WHAT TO PRODUCE —
Skip all lines in the entries below that come before the one containing "J. Bligeも出演）、そしてKendrick Lamarがヘッドライナーを務めるようになった。". Repeat that line and the rest exactly.
· · · · · · ·
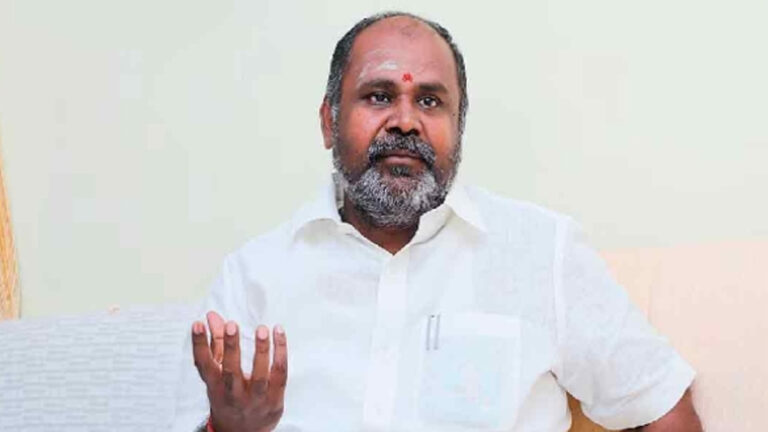RP Udayakumar who pierced TTV Dhinakaran.. What do we do to you??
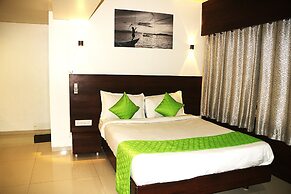 Hotel Express Airoli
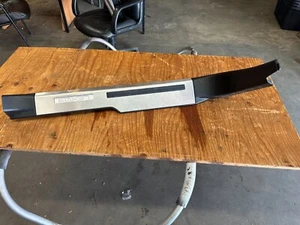 2013-2021 Lexus LX570 Front Left Driver Side Door Scuff Plate Assembly OEM - Foto 1 di 13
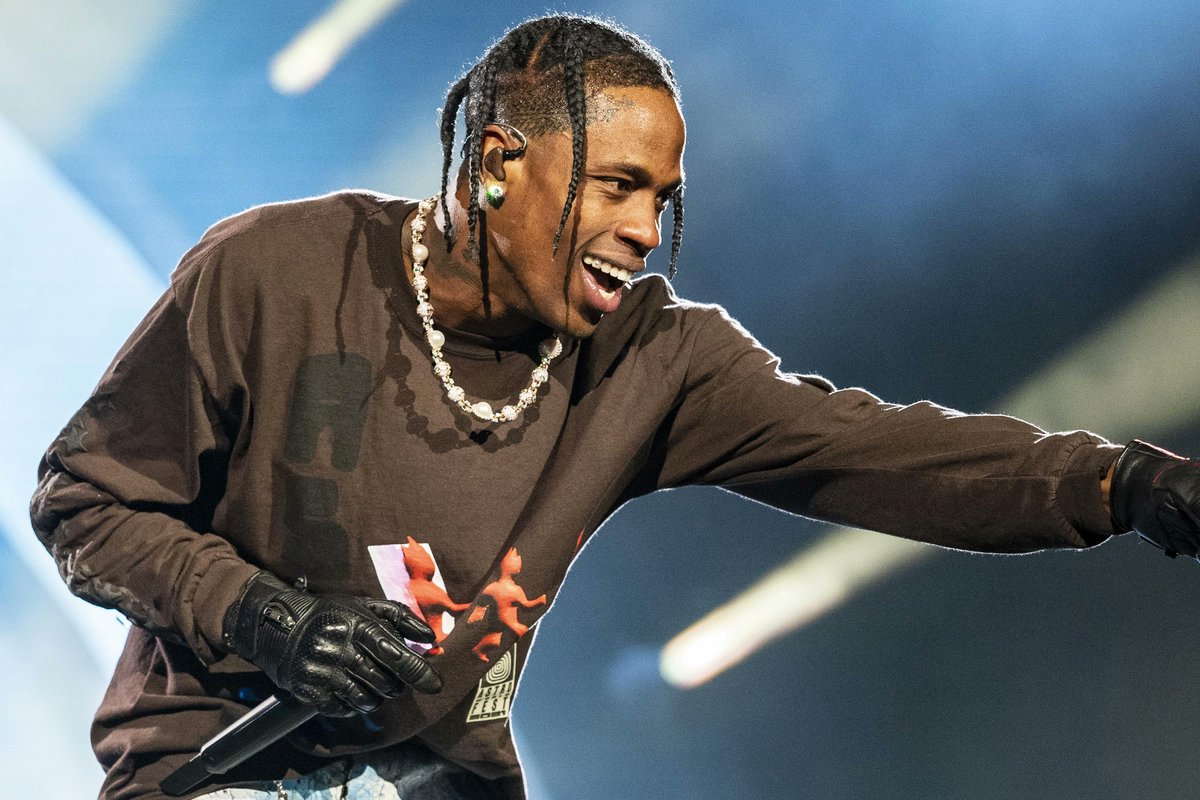 Mizaistom_7's tweet photo. スーパーボウルのハーフタイムショーで次にヘッドライナーを務めるべき"8人のラッパー"

Kendrick Lamarは、すでに数々の歴史を作ってきたが、スーパーボウルのハーフタイムショーで初のソロラッパーとしてメインを飾るという新たな偉業を達成した。

2025年のグラミー賞を総なめにした直後、ニューオーリンズの舞台で壮大なパフォーマンスを披露。その完成度の高さは、Drakeとのビーフの決着がすでについていることを改めて証明し、「史上最高のラッパー」という評価をさらに確固たるものにした。

ゲームの世界観を取り入れたショーでは、Samuel L. Jacksonがブラック・アンクル・サムとしてナレーションを担当。Kendrickは最新アルバム『GNX』の楽曲を次々と披露し、SZAとのデュエットを2度にわたって繰り広げた。

そして、最大の見せ場は、世界中から集まった1億3350万人の視聴者を前に「Not Like Us」を歌い、Drakeの"墓の上で踊った"瞬間だった。

「certified pedophile（筋金入りの小児性愛者）」というフレーズは自主規制したものの、カメラに向かって不敵な笑みを浮かべながら、Drakeが未成年に手を出していることを暗に示すラインを放ち、観客全員に「A minor（未成年）」という皮肉なパンチラインを大合唱させた。

まさに「ゲームオーバー」だった。

数年前まで、ラッパーがスーパーボウルのハーフタイムショーでメインを飾るなんて考えられなかった。NFLは何十年にもわたり、莫大な商業的影響力と文化的影響を持ちながらも、ヒップホップをほぼ無視してきたからだ。

これまでにスーパーボウルでパフォーマンスをしたラッパーもNelly、Big Boi、Missy Elliottといった数えるほどで、しかも彼らはポップやロックアーティストの“添え物”としての扱いを受けることがほとんどだった。

白人アーティストがメインを張るのが当たり前で、その中には全盛期を過ぎたベテランも多かった。

しかし、2019年にJay-ZとRoc NationがNFLと提携し、ハーフタイムショーのプロデュースを担当するようになってから、その流れが大きく変わった。

この5年間で、スーパーボウルはこれまでになく"ブラックなショー"へと変貌し、The Weeknd、Rihanna、Usher、Dr. Dre（Snoop Dogg、50 Cent、Mary J. Bligeも出演）、そしてKendrick Lamarがヘッドライナーを務めるようになった。

この流れは今後も続くと見られており、「次にスーパーボウルでパフォーマンスすべきラッパーは誰か？」という問いが自然と浮かび上がる。

もちろん、この舞台に立てるのは誰でもいいわけではない。選ばれるためには、

①ヒット曲を持っていること
②大規模なショーをこなせるパフォーマンス力があること
③NFLの多くの企業スポンサーにとって「安全な選択肢」であること

といった条件をクリアしなければならない。だからこそ、Kanye Westがこの舞台に立つ可能性は限りなく低い。最近のSNSでの過激な発言を考えれば、スポンサーが彼を起用するとは思えない。

とはいえ、条件を満たすラッパーは決して少なくない。そこで、DXが選んだ、スーパーボウルのハーフタイムショーでヘッドライナーを務めるにふさわしい8人のMCを紹介しよう。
· · · · · · ·
RESPONSE FOR THIS EXERCISE —
この5年間で、スーパーボウルはこれまでになく"ブラックなショー"へと変貌し、The Weeknd、Rihanna、Usher、Dr. Dre（Snoop Dogg、50 Cent、Mary J. Bligeも出演）、そしてKendrick Lamarがヘッドライナーを務めるようになった。

この流れは今後も続くと見られており、「次にスーパーボウルでパフォーマンスすべきラッパーは誰か？」という問いが自然と浮かび上がる。

もちろん、この舞台に立てるのは誰でもいいわけではない。選ばれるためには、

①ヒット曲を持っていること
②大規模なショーをこなせるパフォーマンス力があること
③NFLの多くの企業スポンサーにとって「安全な選択肢」であること

といった条件をクリアしなければならない。だからこそ、Kanye Westがこの舞台に立つ可能性は限りなく低い。最近のSNSでの過激な発言を考えれば、スポンサーが彼を起用するとは思えない。

とはいえ、条件を満たすラッパーは決して少なくない。そこで、DXが選んだ、スーパーボウルのハーフタイムショーでヘッドライナーを務めるにふさわしい8人のMCを紹介しよう。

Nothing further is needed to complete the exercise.